Projects metadata file: projects.info

The projects.info file is used to define the projects within the analysis directory, and associates metadata information with each project.

It is initially created when the make_fastqs command completes, and acts as a control file for subsequent operations including:

  • setup_analysis_dirs (used to populate the project directories)

  • publish_qc (only publishes data for projects that are listed in projects.info)

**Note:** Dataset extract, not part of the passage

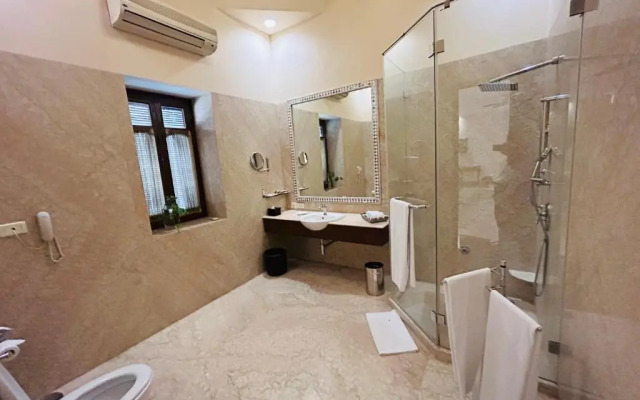 The Lalit Laxmi Vilas Palace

projects.info is a tab delimited file with one line for each project, with the following fields:

Field

Data item

Project

Name of the project

Samples

List of sample names associated with the project

User

Name(s) of the researcher(s) directly associated with the project

Library

Library or application type (e.g. RNA-seq, ChIP-seq)

SC_Platform

Single cell platform used to prepare the samples

Organism

Organism(s) that the samples in the project came from (e.g. Human, Mouse, D. Melanogaster)

PI

Name(s) of the principal investigator(s) (PIs) associated with the project

Comments

Free text field for any additional comments

The project name and sample names are normally added automatically; the remaining fields must be populated manually by editing the file. The following fields are compulsory for setup_analysis_dirs:

  • User

  • Library

  • Organism

  • PI

The following conventions are used for data item syntax:

  • “Null” values are represented by a full stop (i.e. .)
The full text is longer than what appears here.